Cryptic promoters and non-canonical mRNA transcripts

We focused on the cancer-associated promoters. Gains of new promoters in primary GCs outweighed promoter losses (472 gained versus 167 lost, Fig. 2a). Unexpectedly, the majority of gained promoters (58%) localized to regions >500 base pairs (bp) from annotated transcription start sites (TSSs) found in RefSeq, a reference database of transcript sequences. The fraction of ‘cryptic promoters’ in gained promoters was significantly greater than either the global promoter population or promoters lost in GC (~44%, P<7.1 × 10−6, Fisher’s exact test). Subsequent comparisons of the cancer-associated promoters to GENCODE and ENSEMBL, two other major transcript databases, also supported a large proportion of cryptic promoters (~40%; Supplementary Table 4). When compared against Nano-ChIP-seq data of four epithelial-derived GC cell lines, 67.7% of the 368 cryptic promoters were also present in the cell lines, suggesting that the majority of cryptic promoters are likely to occur in the epithelial cancer cells and not stromal-derived tumour components (Supplementary Fig. 9). To ask if cancer-associated promoters (including cryptic promoters) were associated with bona fide RNA transcripts, we then performed RNA-sequencing (RNAseq) on 12 tumour/normal pairs, including the index 5 GCs. The majority of promoters (59.5%, 380 promoters) were associated with detectible RNA transcripts (Fig. 2a). We identified 192 transcripts exhibiting greater than fourfold expression changes in GCs compared with normal tissues, and almost half of these (48%, 92 promoters) were due to cryptic promoters, supporting their cancer-specific nature (Fig. 2b). Using targeted qPCR, we experimentally validated 10 cryptic promoter-associated transcripts (Supplementary Fig. 10).
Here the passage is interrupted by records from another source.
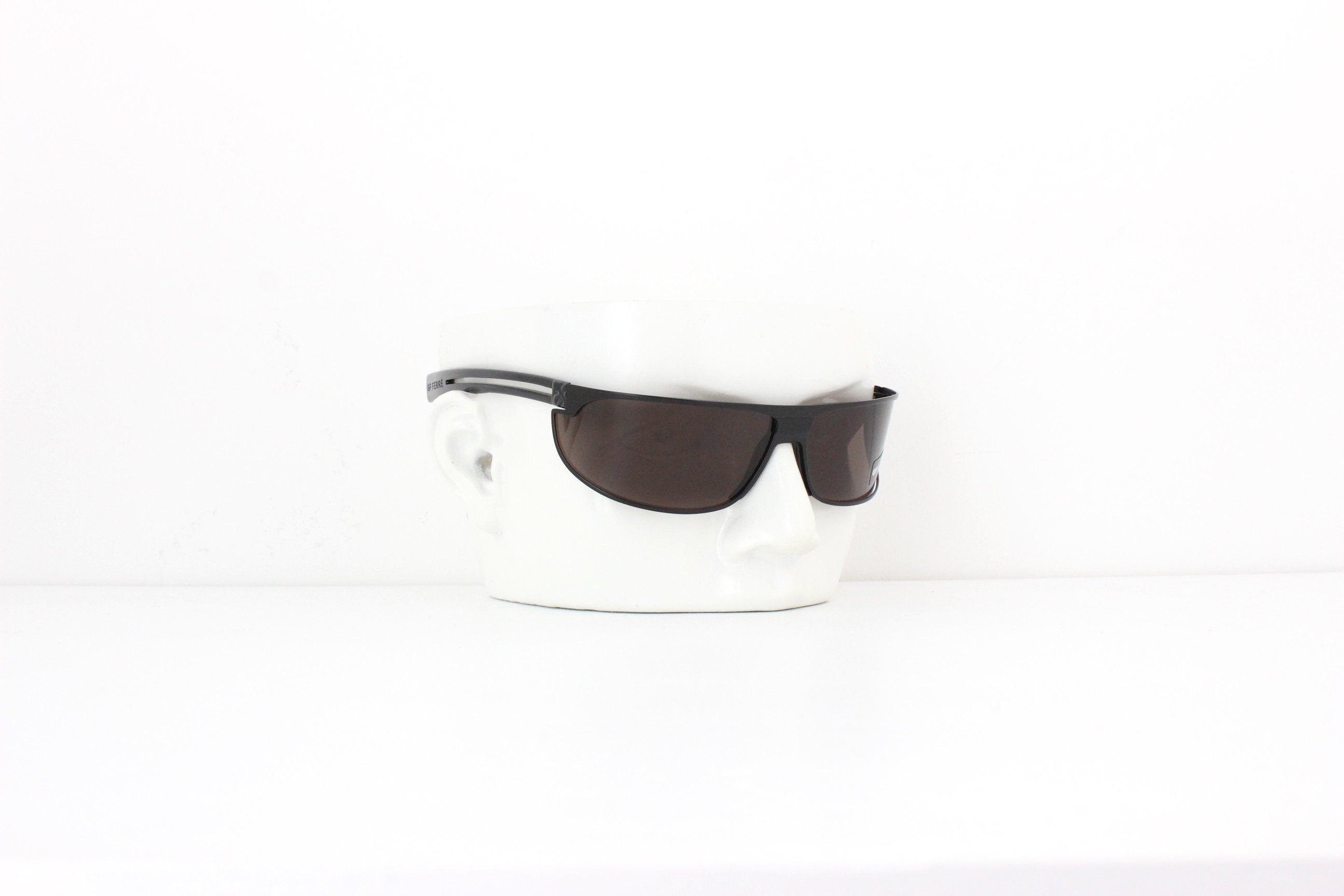 Y2K GIANFRANCO FERRE Minimal Black Wraparound Shield Sunglasses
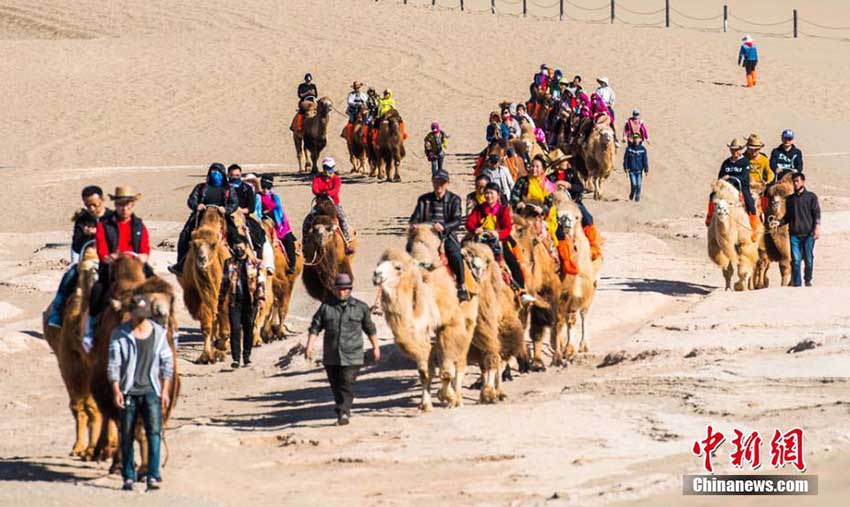 獨特な趣きのある砂漠の春　敦煌の鳴沙山月牙泉景勝地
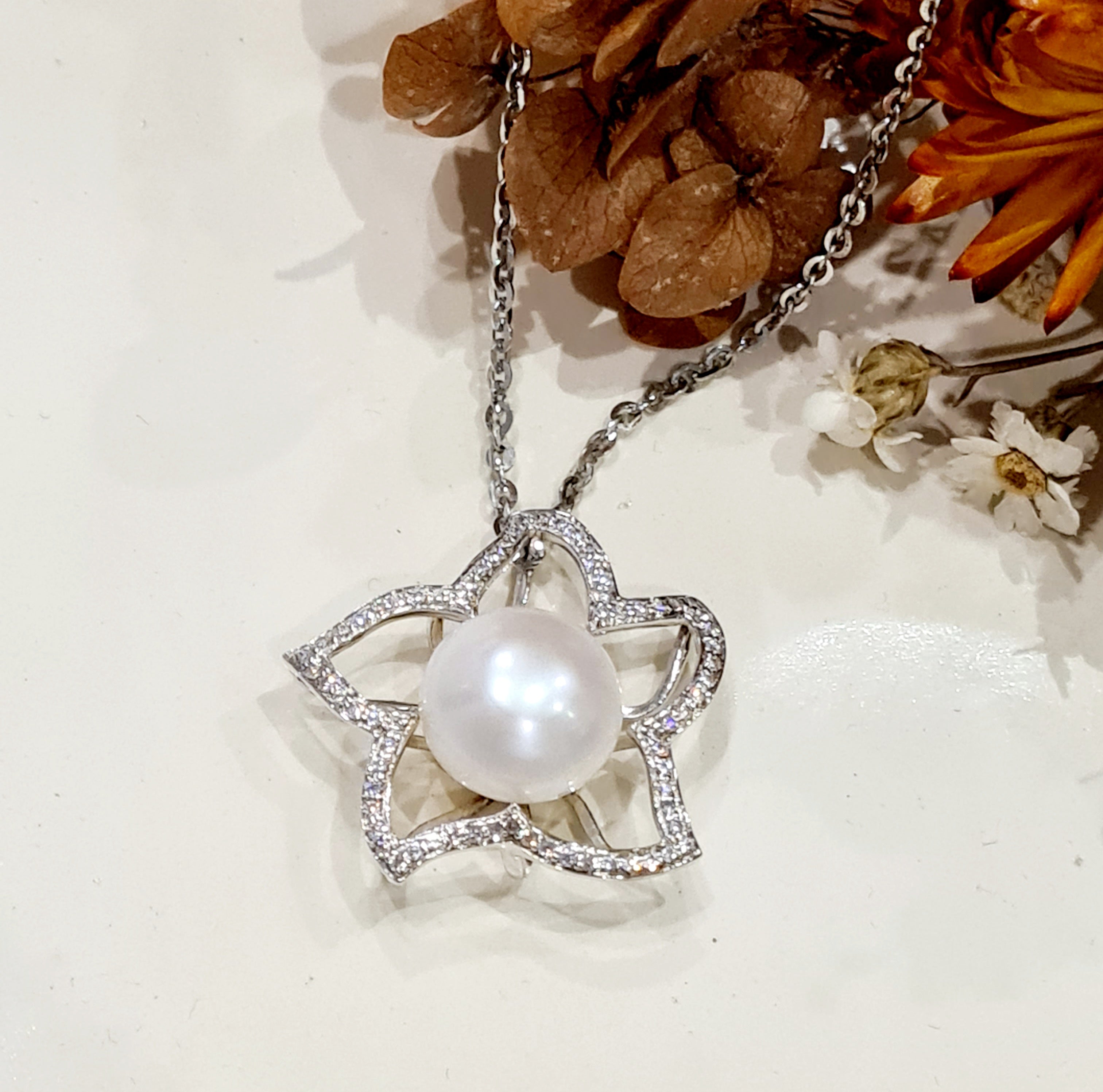 Unique Pearl Pendant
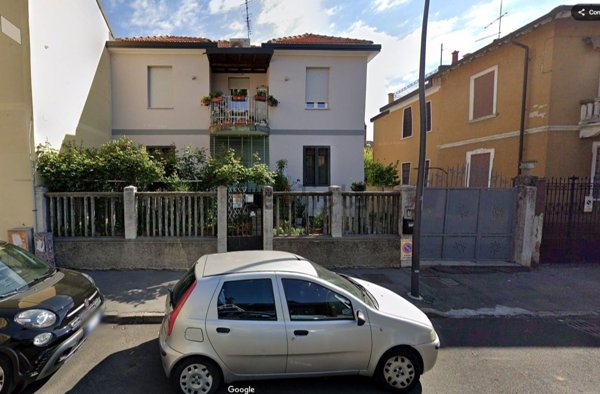 appartamento in vendita a Milano in zona Baggio
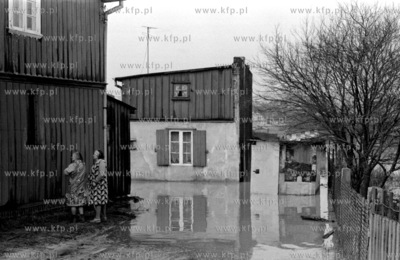 Zalana dzielnca Gdansk Orunia. 30.04.1980  5kwieicien80_z.kosycarz_p43...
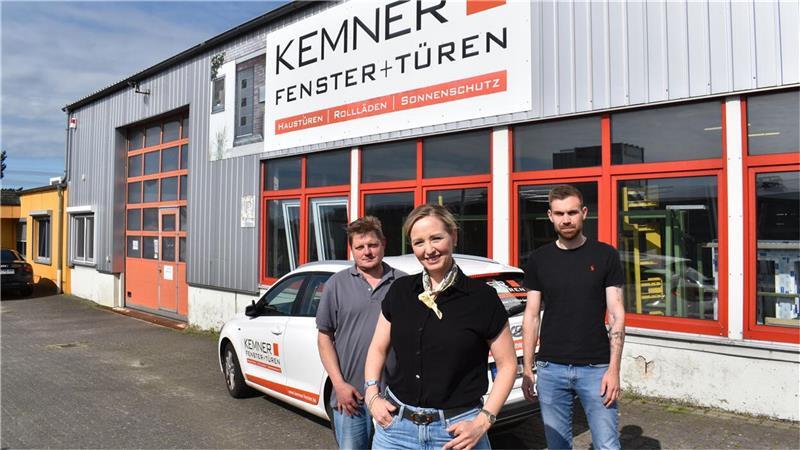 Betriebsleiter Kai Brömmer (von links), Geschäftsführerin Almina Sacirovic und Marvin Schlieckriede, technischer Leiter, stehen stellvertretend für das zwölfköpfige Team bei Kemner Fenster und Fassadenelemente im Gewerbegebiet von Bad Bederkesa.
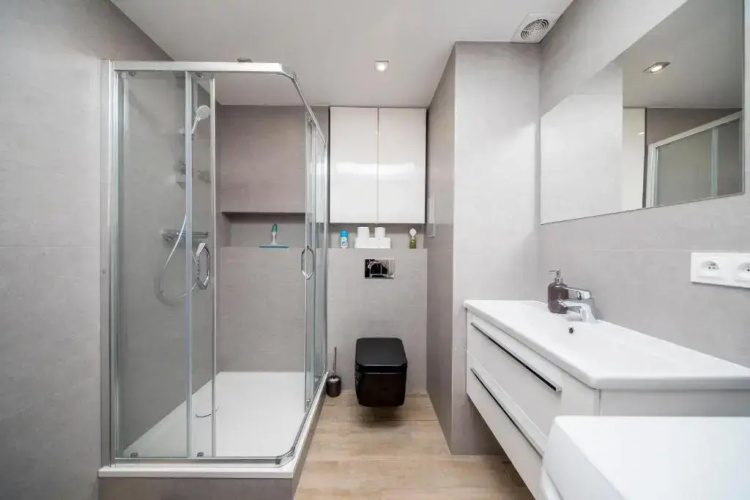 6 Cities Rooms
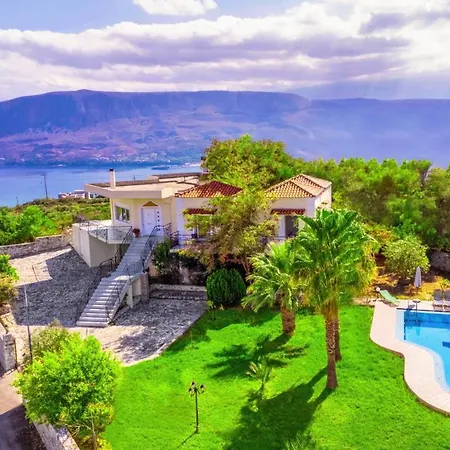 Afroditi In Chania Near Airport With Private Pool, Free Wi-fi, Souda Bay Views, Garden Oasis 别墅 Kounoupidhianá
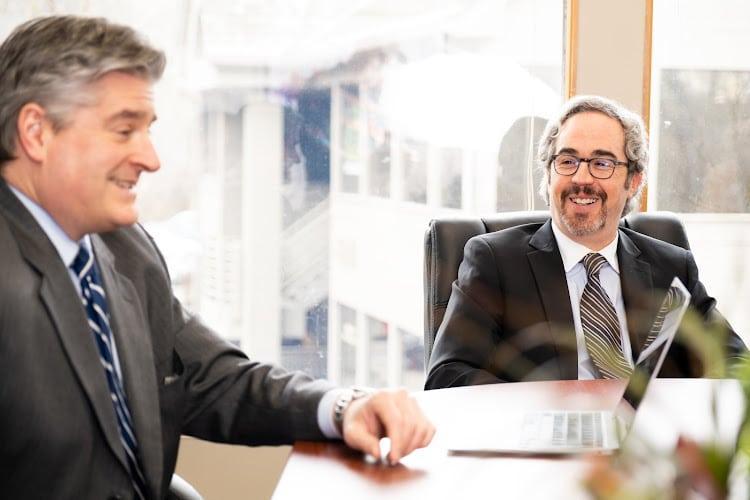 Negocio Luftman, Heck & Associates Llp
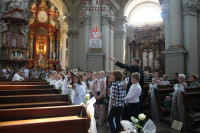  WYCIECZKA DZIECI KOMUNIJNYCH DO SANKTUARIUM MARYJNEGO NA ŚW GÓRĘ DO GOSTYNIA 
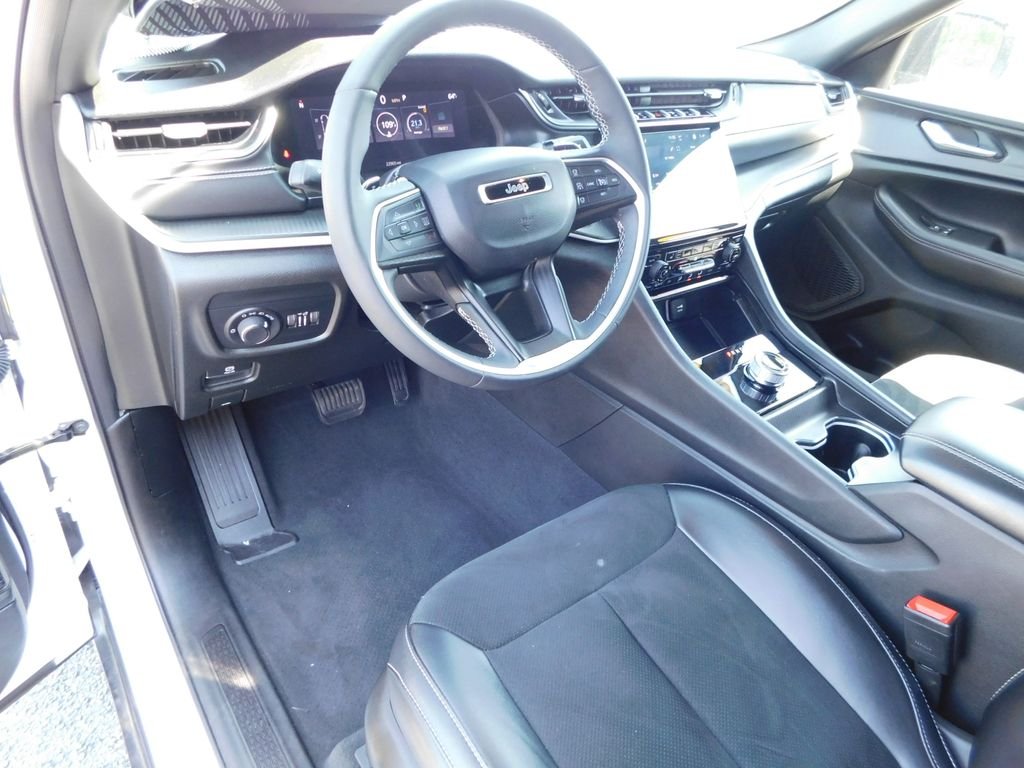 Used 2024 White Jeep Altitude image 15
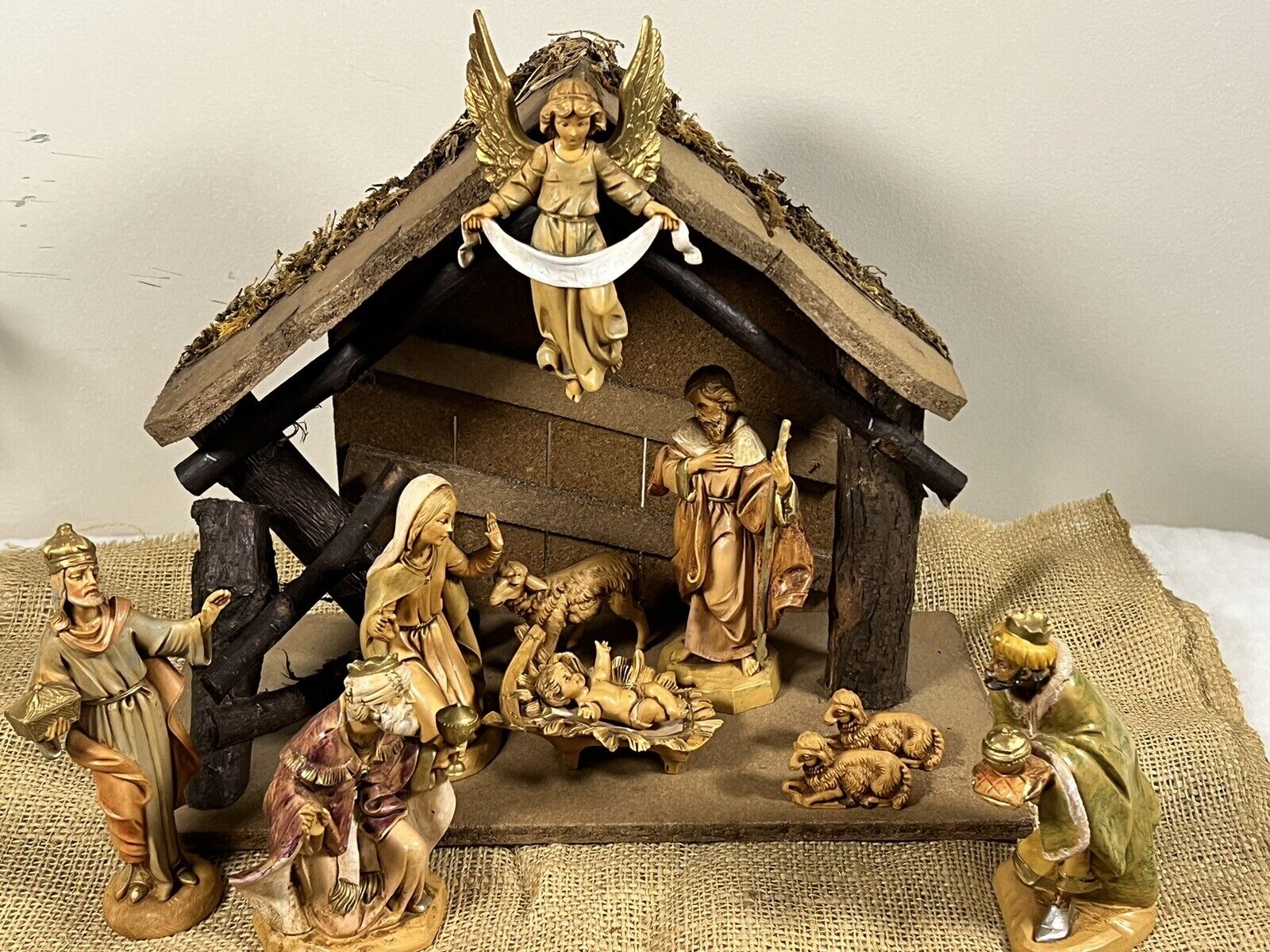Fontanini 10 Piece Nativity Set Made in Italy Depose with Wooden Stable
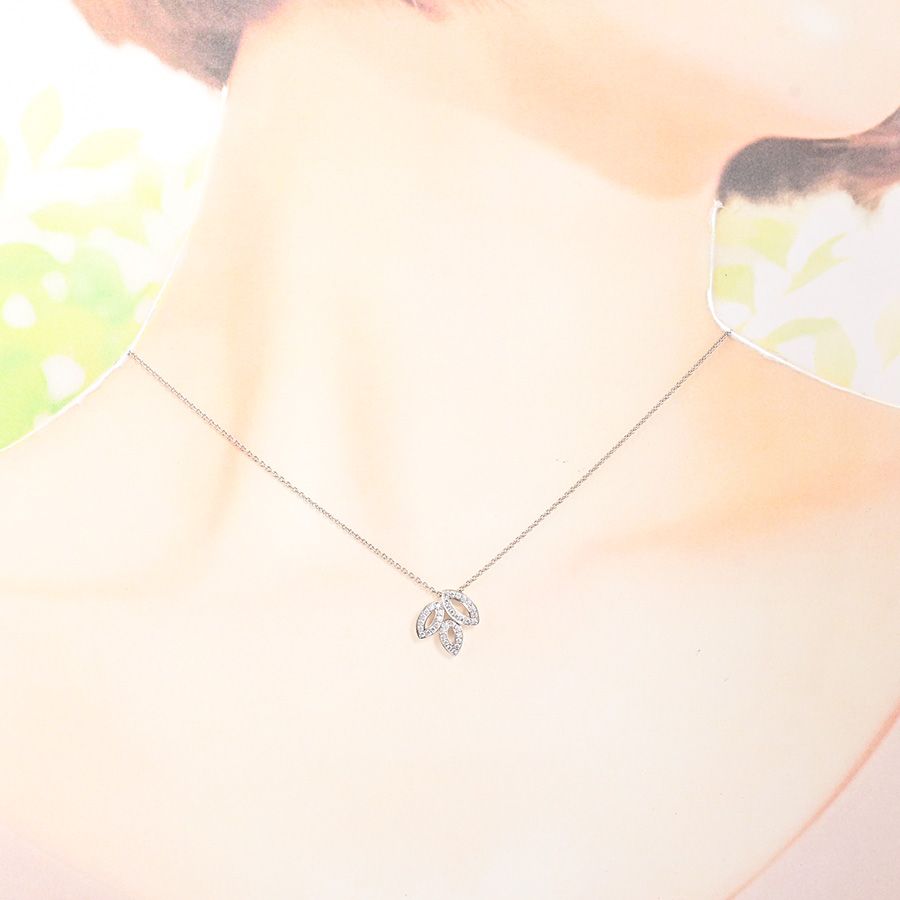 Harry Winston Necklace Lily Cluster Mini — view 6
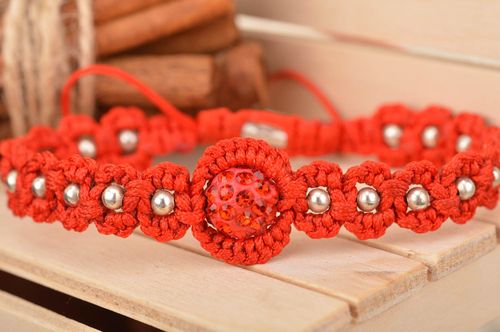 Красный вручную плетеный браслет на руку с бусинами и регулируемым размером   - MADEheart.com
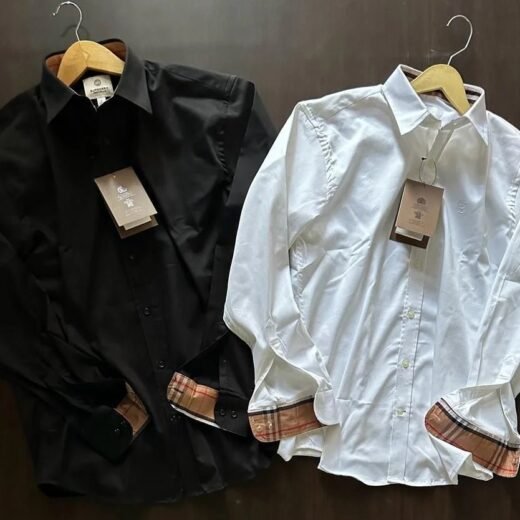 Burberry Chemises slim à motif monogramme TB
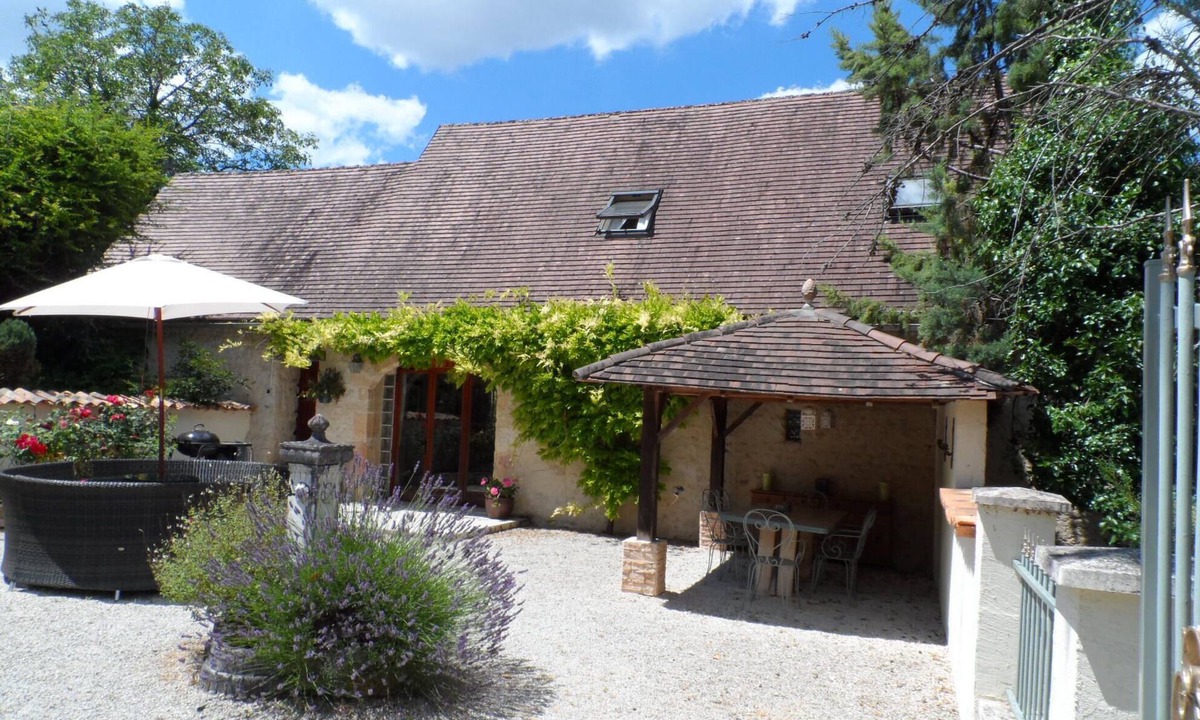 Bars House | Faurelie Barn Conversion, spacious, bright + cosy!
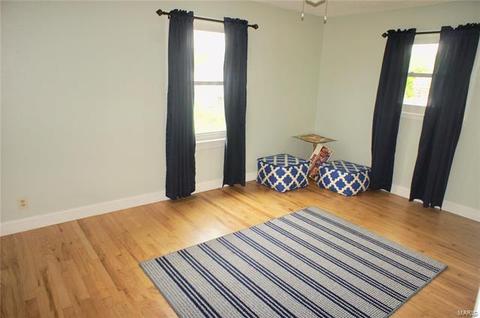 3995 Wright Ave, Saint Ann, MO 63074 photo 8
Figure 2: Cancer-associated promoters in GC.
figure 2

(a) Cancer-associated promoters are frequently associated with non-RefSeq TSSs (‘cryptic promoters’). Cryptic promoter proportions associated with all promoters (‘total’) and promoters lost in cancer (‘loss’) are provided as references. Cancer-associated promoters are also associated with expressed non-RefSeq transcripts from RNAseq data (right most numbers). (b) Heatmap showing expression status of non-RefSeq transcripts exhibiting greater than fourfold expression changes between normal tissues and gastric tumours (FPKM). The transcripts are associated with 192 cancer-associated promoters. (c) GREAT analysis demonstrating enriched gene categories for cancer-associated promoters. All enriched terms with P<6 × 10−6 from the original GREAT34 output are listed. (d,e) Cryptic promoter-driven MET expression. RNAseq and K4me3 tracks are shown. (e) Close-up view of the cryptic promoter region. Mapped RNAseq reads that span exon junctions are connected with lines (forward read in blue, reverse read in red), showing representative ‘split’ RNAseq reads confirming linkage of the promoter to downstream MET exons. (f) MET functional domains. The predicted cryptic promoter-driven transcript encodes an N-terminal truncated protein lacking the Sema domain. (g) Cryptic promoter-driven NKX6-3 expression. RNAseq and K4me3 tracks are shown. RNAseq alignments are provided in Supplementary Fig. 13. (h) Cryptic promoter-driven HOXB9 expression. RNAseq alignments are provided in Supplementary Fig. 14. (i) Expression levels of K4me3-marked genes between GCs (n=185) and matched normals (n=89). A significant proportion of genes are upregulated in GC (upregulated genes=143; total target genes=218; one sample proportion test P-value=5.68 × 10−6). (j) Survival analysis comparing patient groups with GCs exhibiting high and low expression of genes driven by cancer-associated promoters. Kaplan–Meier survival analysis of clusters within the Singaporean cohort (total n=183) with ‘high’ (n=154) and ‘low’ (n=29) enrichment of the target gene signature. The signature is prognostic in this cohort (P=0.04, log-rank test)), with worse prognosis observed for higher enrichment of the signature (hazard ratio (95% CI): 1.78 (1.02–3.13); Cox regression P-value=0.044).

Genes located near cancer-associated promoters were significantly enriched in gene sets related to gastrointestinal neoplasms/digestive system cancers (Fig. 2c; P<1 × 10−5 by GREAT analysis34). By analysing RNAseq sequence reads mapping to both the cryptic promoter-associated transcript and downstream RefSeq annotated transcript exons (otherwise known as ‘bridging’ or ‘split’ RNAseq reads), we discovered that cryptic promoters frequently drove expression of these nearby genes, through non-canonical messenger RNA (mRNA) isoforms with altered 5′ structures. For example, GC 2000721 exhibited tumour-specific expression of the MET receptor via an internal cryptic promoter (Fig. 2d–f, Supplementary Fig. 11), producing a truncated isoform lacking the amino-terminal Sema domain, which regulates receptor dimerization and signalling35. 5′ RACE (rapid amplification of cDNA ends) analysis of MET-expressing Hs746T GC cells confirmed expression of this truncated MET isoform (Supplementary Fig. 11). Western blotting analysis of NUGC4 GC cells, also predicted to express the truncated MET isoform, revealed expression of a shortened 100 kDa Met protein as well as the RefSeq-associated full length 190 kDa MET receptor. In contrast, only the full-length Met protein was observed in KATOIII GC cells that predominantly express the RefSeq-associated MET transcript (Supplementary Figs 11 and 12). These results suggest that at least in the case of MET, aberrant mRNA transcripts driven by cryptic promoters may also be associated with aberrant proteins.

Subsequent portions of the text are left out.